Dicas de Farmacêutica | Vacinar já não devia ser uma dúvida!

Se vacinar ainda é uma dúvida, algo está mal nas mensagens que têm sido passadas ao longo dos anos sobre este tema. Na grande maioria dos assuntos, sobretudo em termos de saúde, a desinformação é a principal responsável pela propagação do medo. Vamos mais uma vez esclarecer o que é e para que serve a vacinação, de modo a tentar que as pessoas nem sequer questionem este bem, em prol da saúde no mundo.

 

Dicas de Farmacêutica | Vacinar já não devia ser uma dúvida!

 

Vacina é um tipo de substância (vírus ou bactéria) que é introduzida no corpo de uma pessoa ou de um animal, de forma a criar imunidade a uma determinada doença. A imunidade criada através da vacina baseia-se na capacidade de reação do organismo aos agentes infecciosos ao produzir anticorpos que combatem esses agentes.

 

Quando uma pessoa ou animal são vacinados contra uma determinada doença, passam a ter imunidade em relação a essa doença. Mesmo que esta proteção (imunidade) não seja total, quem está vacinado tem sempre uma maior capacidade de resistência às respetivas doenças, com sintomas mais ligeiros e menos graves.

 

As vacinas têm uma função preventiva, normalmente são administradas a indivíduos saudáveis e os esquemas de vacinação começam logo na infância, de forma a que a proteção imunitária ocorra o mais cedo possível.

 

É de extrema importância que o Programa Nacional de Vacinação (PNV) seja cumprido e, felizmente, o nosso país tem sido um exemplo neste campo. Doenças como a difteria, a poliomielite, o sarampo ou a tosse convulsa já quase não fazem parte do nosso vocabulário devido à eficácia da vacinação. A principal função da vacinação é prevenir o aparecimento de doenças, muitas delas fatais.

 

Dicas de Farmacêutica | Vacinar já não devia ser uma dúvida!

 

Uma elevada cobertura vacinal traz benefícios pessoais mas também para toda a comunidade, evitando que algumas doenças se espalhem. A chamada imunidade de grupo é a que nos protege e aquela que nos transmite segurança.

 

Muito importante também é a erradicação de determinadas doenças devido à vacinação, isto é, o desaparecimento de uma dada doença numa dada região.

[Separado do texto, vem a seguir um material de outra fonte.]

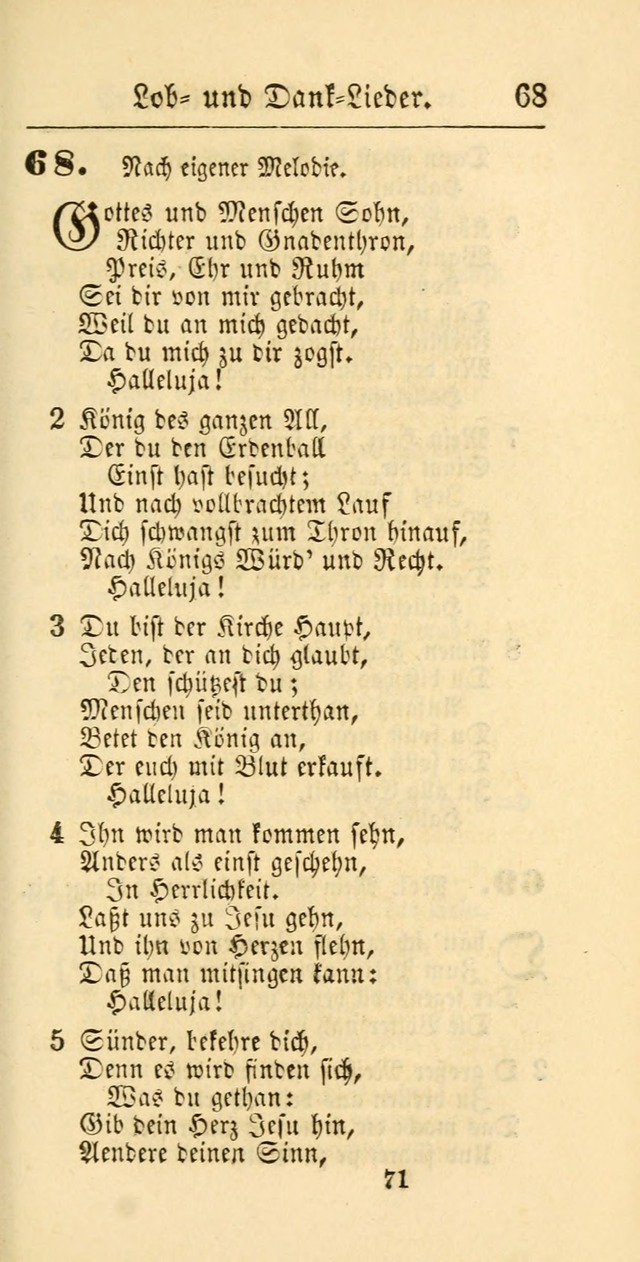 Evangelisches Gesangbuch: oder eine sammlung geistreicher lieder zum gebrauch der Evangelischen Gemeinschaft und aller heilsuchenden seelen page 671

Nisto, Portugal também é um bom exemplo. Foram oficialmente erradicadas de Portugal várias doenças: malária, varíola, poliomielite, difteria, raiva humana e, mais recentemente, a rubéola e o sarampo.

 

Como ouvi o pediatra Mário Cordeiro dizer sobre estes resultados, "nada podia ser mais explícito que vale a pena vacinar. Conseguimos controlar e erradicar estas doenças. É bom que não se esqueçam que há cerca de 20 anos Portugal teve um surto de sarampo em que morreram perto de 50 crianças. A memória não pode ser curta para não repetirmos o mesmo erro. Se não vacinarmos podemos voltar a ter o vírus. São as doenças que matam, não as vacinas. Estas são a melhor prevenção."

 

Convém não esquecer que enquanto o vírus ou bactéria circular no mundo, é necessário continuar a vacinar.

 

O Programa Nacional de Vacinação contempla as seguintes vacinas:

 

Dicas de Farmacêutica | Vacinar já não devia ser uma dúvida!

 

Dicas de Farmacêutica | Vacinar já não devia ser uma dúvida!

 

Atenção aos adultos! A vacina do tétano cai muitas vezes no esquecimento, mas deveria ser cumprido o plano. Aconselho uma consulta ao boletim de vacinas ou uma deslocação ao centro de saúde para verificar se a vacina está em dia!

 

Além da vacina do tétano, convém também lembrar a importância da vacina contra o HPV (Vírus do Papiloma Humano), que agora já faz parte do Plano Nacional de Vacinação mas apenas para raparigas. O HPV é uma das principais causas de cancro tanto em mulheres como em homens (já que para além do cancro do colo do útero, pode também causar outros cancros anogenitais, como os da vulva, vagina e ânus, e cancros da cabeça/pescoço), por isso deveria também ser dada aos rapazes.

 

Também são de extrema importância as vacinas da gripe, aconselhadas a determinados grupos (pessoas com mais de 65 anos, doentes crónicos e imunodeprimidos, grávidas e profissionais de saúde) e que devem ser feitas anualmente.

 

Além de todas estas vacinas, quando viajamos para determinados países (por exemplo, África, Ásia, América do Sul) devemos ir à consulta do viajante e levarmos as vacinas aconselhadas, sem hesitações e sem receios.

 

A opção de vacinar ou não vacinar não pode assentar em suposições e está longe de ser uma decisão individual, já que o indivíduo não vive sozinho, não é independente da comunidade. Vacinar deve ser uma obrigatoriedade, não uma opção!

 

Em resumo, os benefícios da imunização estão amplamente comprovados. A vacinação é responsável por erradicar por completo diversas doenças e por impedir anualmente milhões de mortes em todo o mundo. Vacinar já não devia ser uma dúvida! As vacinas não matam, mas as doenças podem matar!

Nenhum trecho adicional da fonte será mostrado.